Search code examples
sqldatabasepostgresqlgreatest-n-per-groupwindow-functions

How to get distinct using `OVER(PARTITION BY ...)`


How to get distinct using OVER(PARTITION BY ...)?

SELECT ACCT_TYPE_CD AS entity,
         ACCT_ID AS entity_VAL,
         COUNT (1) AS CNT
    FROM ACCOUNT
GROUP BY ACCT_TYPE_CD, ACCT_ID
  HAVING COUNT (1) > 1;

entity      |entity_val      |cnt |
------------|----------------|----|
EMPID       |1               |3   |
EMPID       |1066            |3   |

The same I want using below query, so that I should be able to use this as inner query.

select  ACCT_TYPE_CD, ACCT_ID,  COUNT(*) OVER(PARTITION BY ACCT_TYPE_CD, ACCT_ID) AS CNT
from ACCOUNT ACCT; 

acct_type_cd |ACCT_ID     |cnt |
-------------|------------|----|
EMPID        |1           |3   |
EMPID        |1           |3   |
EMPID        |1           |3   |
EMPID        |1066        |3   |
EMPID        |1066        |3   |
EMPID        |1066        |3   |

Solution

  • Is this what you want?

    select *
    from (
        select  acct_type_cd, acct_id, count(*) over(partition by acct_type_cd, acct_id) as cnt
        from account acct
    ) t
    where cnt > 1
    

    That is: you can't use window functions in the where clause of a query - you need to compute the window count in a subquery, then filter in the outer query.

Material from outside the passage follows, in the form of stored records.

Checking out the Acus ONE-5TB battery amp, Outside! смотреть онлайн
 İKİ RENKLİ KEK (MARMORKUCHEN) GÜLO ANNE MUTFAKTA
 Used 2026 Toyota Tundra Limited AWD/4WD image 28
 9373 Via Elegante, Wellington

    Alternatively, if you want to generate the same result as the first query using window functions only, then you might be looking for row_number():

    select *
    from (
        select  
            acct_type_cd, 
            acct_id, 
            count(*) over(partition by acct_type_cd, acct_id) as cnt,
            row_number() over(partition by acct_type, acct_id order by acct_type, acct_id) rn
        from account acct
    ) t
    where cnt > 1 and rn = 1
    

    That said, I don't really why you would want to do that; using aggregation (as in the first query) is probably always more efficient than two window functions and filtering (as in the second query).

    Here is one last option using distinct on:

    select distinct on (acct_type_cd, acct_id)
        acct_type_cd, 
        acct_id, 
        count(*) over(partition by acct_type_cd, acct_id) as cnt
    from account acct
    order by acct_type_cd, acct_id